WASHINGTON – Less than a day after signaling the White House task force on coronavirus would be disbanded, President Donald Trump said Wednesday the group will "continue on indefinitely" and shift focus to reopening and manufacturing vaccines.
Trump's latest thinking on the task force, created in January to coordinate the response to the virus, came a day after Vice President Mike Pence and other officials said the group's work would be transferred to federal agencies as soon as this month. The idea drew fire from some critics who said it was too soon to disband the group.
But the president left both the composition of the task force and its focus murky. Trump said he may remove some members of the group and add others, though he did not indicate specifically who he had in mind. He said the group would focus more on "safety" and reopening the nation's economy, as well as vaccine production.
"The Task Force will continue on indefinitely with its focus on SAFETY & OPENING UP OUR COUNTRY AGAIN," Trump posted in a series of tweets Wednesday. "The Task Force will also be very focused on Vaccines & Therapeutics.
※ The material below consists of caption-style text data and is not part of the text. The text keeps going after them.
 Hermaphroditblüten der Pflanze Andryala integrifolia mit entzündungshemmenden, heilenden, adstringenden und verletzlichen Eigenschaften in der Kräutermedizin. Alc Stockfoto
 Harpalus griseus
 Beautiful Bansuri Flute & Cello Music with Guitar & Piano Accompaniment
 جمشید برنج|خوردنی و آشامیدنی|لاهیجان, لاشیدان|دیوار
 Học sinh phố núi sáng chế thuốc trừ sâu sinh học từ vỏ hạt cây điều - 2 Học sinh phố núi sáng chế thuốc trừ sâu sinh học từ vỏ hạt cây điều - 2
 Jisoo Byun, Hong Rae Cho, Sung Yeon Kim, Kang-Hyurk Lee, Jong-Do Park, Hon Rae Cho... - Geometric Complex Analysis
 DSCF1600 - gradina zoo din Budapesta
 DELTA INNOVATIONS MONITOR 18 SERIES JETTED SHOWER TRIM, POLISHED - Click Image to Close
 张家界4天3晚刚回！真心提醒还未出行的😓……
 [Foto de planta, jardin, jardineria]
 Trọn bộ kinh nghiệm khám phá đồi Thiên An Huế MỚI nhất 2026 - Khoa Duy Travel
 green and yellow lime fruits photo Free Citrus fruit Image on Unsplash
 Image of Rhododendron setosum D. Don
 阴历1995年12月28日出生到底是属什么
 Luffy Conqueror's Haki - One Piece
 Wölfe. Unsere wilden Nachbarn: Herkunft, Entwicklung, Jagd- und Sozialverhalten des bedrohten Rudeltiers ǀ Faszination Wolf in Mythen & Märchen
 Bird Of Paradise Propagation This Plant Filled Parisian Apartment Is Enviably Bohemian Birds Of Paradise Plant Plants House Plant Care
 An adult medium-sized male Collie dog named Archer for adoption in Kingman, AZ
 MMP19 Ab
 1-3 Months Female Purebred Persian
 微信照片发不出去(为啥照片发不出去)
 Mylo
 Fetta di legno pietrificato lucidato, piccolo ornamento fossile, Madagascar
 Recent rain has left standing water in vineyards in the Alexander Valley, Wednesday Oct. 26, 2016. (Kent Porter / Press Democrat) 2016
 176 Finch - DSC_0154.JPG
Thank you!"
Speaking during a trip to Arizona on Tuesday, Trump appeared to link a decision to disband the group with his broader desire to reopen the nation and recharge its economy. Winding down the group, he suggested, would signal a new phase in the government's response to the virus.
"I'm viewing our great citizens of this country to a certain extent and to a large extent as warriors.They're warriors," Trump said when asked about the task force. "Will some people be affected, badly? Yes. But we have to get our country open."
Democrats and other critics blasted Trump's plan to reduce the scope of the task force on Tuesday, especially given the threat that death tolls would rise as states reopen businesses and other parts of their economies. The virus has killed more than 70,000 Americans, according to Johns Hopkins University.
While the number of new daily cases has slowed, it still remains high.
"President Trump waves the white flag of surrender and winds down his ‘task force,'" said Rep. Lloyd Doggett, D-Texas, chairman of the House Ways and Means Health Subcommittee. "As the death toll soars, it is the task force that gets buried."
Vermont Sen. Bernie Sanders, the former Democratic presidential candidate, slammed the decision as a "true American tragedy" and predicted that "thousands will unnecessarily die" because of Trump's "contempt for science."